On a four-node Galaxy Supercluster — four servers linked together, totaling 128 Blackhole chips — the company says it processed a 100,000-token prompt from the open-weight DeepSeek V3 model in under four seconds. For video generation, the same cluster delivered 720p footage faster than real-time, according to Tenstorrent. The company's highest-throughput inference mode, called Blitz Mode, supports context lengths up to 128,000 tokens and batch sizes between 8 and 64 simultaneous requests.
Sixteen Galaxy Blackhole servers are already installed at an Equinix data center in Ashburn, Virginia, the company said. Customers include Cirrascale, a cloud provider; AI&, a company founded by a former Tenstorrent executive in Japan; and Turiam, an image-as-a-service provider deploying up to 32 servers in India. The company expects to share more details at its TT-Deploy event on May 1.
The Register independently confirmed the hardware specifications and noted a gap in Tenstorrent's benchmark disclosures: the company has not published the batch sizes used in its token throughput tests. Batch size, how many inference requests a system handles simultaneously, dramatically affects measured throughput.

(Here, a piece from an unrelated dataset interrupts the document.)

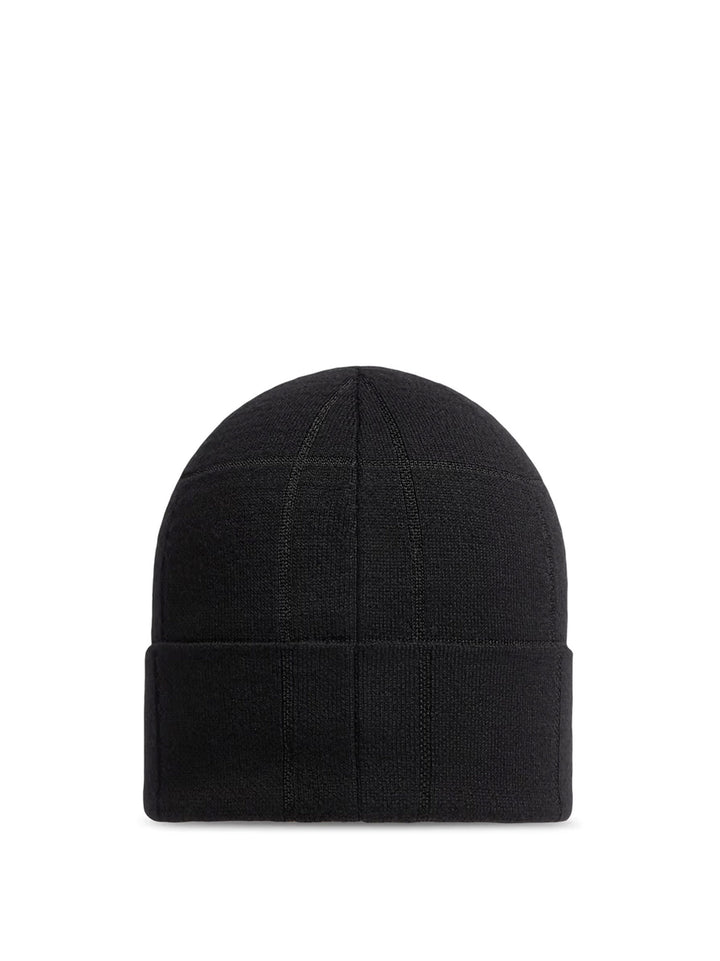 8 Moncler Palm Angels wool blend hat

Without that number, comparisons between Tenstorrent's 255 tokens per second figure, measured by EE Times, and the 350 tokens per second the company claims for its highest-throughput mode are difficult to evaluate against other systems. The Register also noted the Blackhole chip was quietly downgraded before launch.
Tenstorrent also claims roughly 80 to 90 percent of models downloaded from Hugging Face, a popular model repository, will run on its hardware without modification. The Register called this a significant claim worth testing directly. Running a model and running a model well are different things, and Tenstorrent's own benchmarks acknowledge the distinction.
The real question is whether the anti-disaggregation thesis survives contact with production workloads at scale. The industry went all-in on specialized chips because the theory was compelling and the vendors were loud. Tenstorrent is betting the physics of general-purpose compute are sufficient, and that the market's faith in disaggregation is vendor momentum dressed up as engineering necessity.
The TT-Deploy event on May 1 will tell us how much more there is to show.